Yet we have a far from unblemished record when it comes to race and ethnic relations in our own country, the most egregious examples being the Chinese head tax and the internment and dispossession of the Japanese and the Italians during the second world war. While most people know of those shameful episodes, far fewer know about the discrimination black people have faced here. That is why the decision to put Viola Desmond on the next $10 bill is such cause for celebration.
As the activist in the above video states, the selection of Desmond will not end the racism that still exists (a sentiment echoed by Yusra Khogali, co-founder of Black Lives Matter Toronto), but it makes it easier to address.
And I would add two points: it should also be a point of real pride for the people of colour in our country, as well as a humbling and eye-opening development for the rest of us, including me, who did not know her story, nor the kind of segregation people experienced here.
Perhaps we are finally moving toward a time when we recognize people by the integrity, resilience and fortitude they possess, not the colour of their skin or the religion or ethnic group they belong to.
'Tis a consummation devoutly to be wished.

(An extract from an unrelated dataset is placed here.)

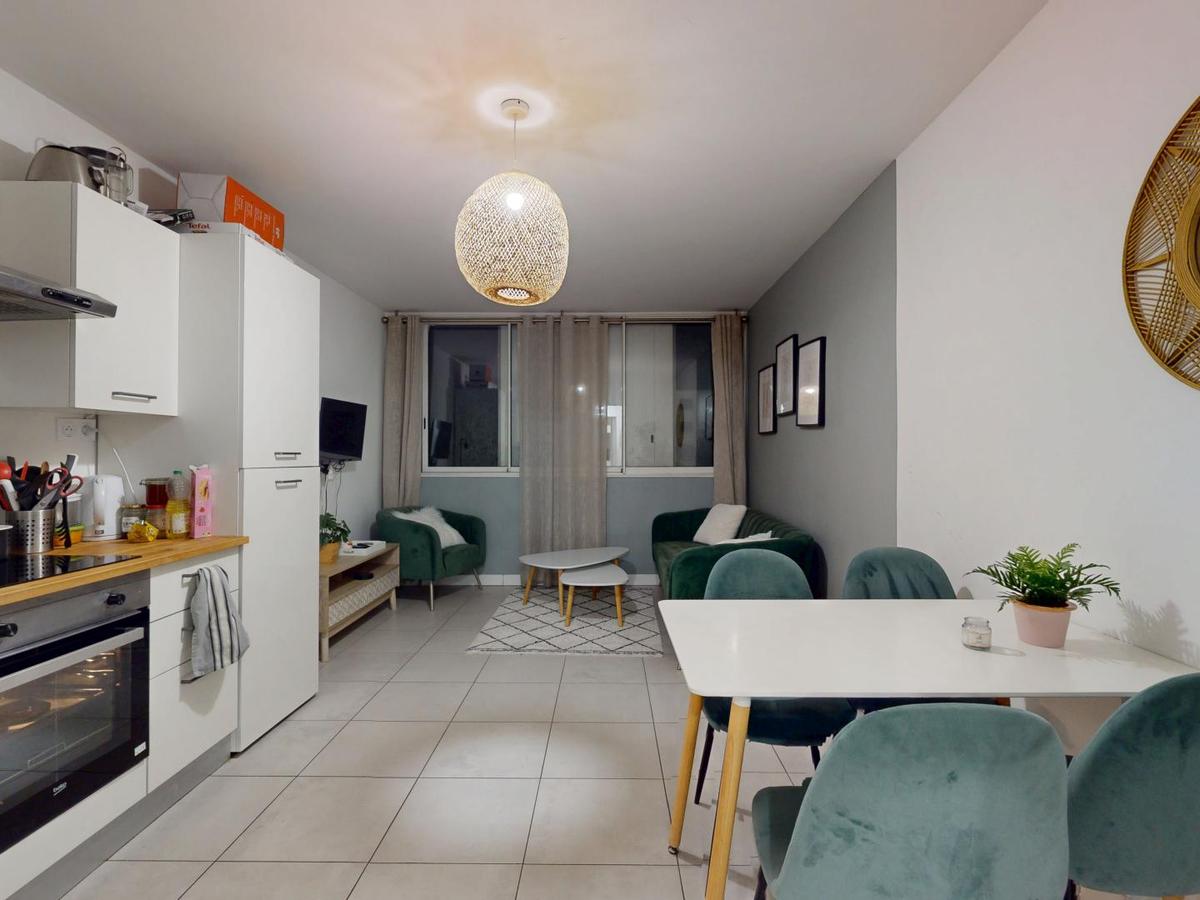 Colocation à Nantes — Dispo octobre · coloc calme · Bouffay · Nantes Colocation à Nantes — Dispo octobre · coloc calme · Bouffay · Nantes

UPDATE: This Star editorial is a fitting complement to Viola Desmond:
Putting a Canadian woman on a bill is long overdue. The choice of this particular woman is an especially powerful symbol of acknowledgment of past wrongs and tribute to someone who, at great risk to herself, fought against them. It should also be read as a promise from the state that it will take seriously and work alongside those who continue to resist in the spirit of Viola Desmond’s unfinished project.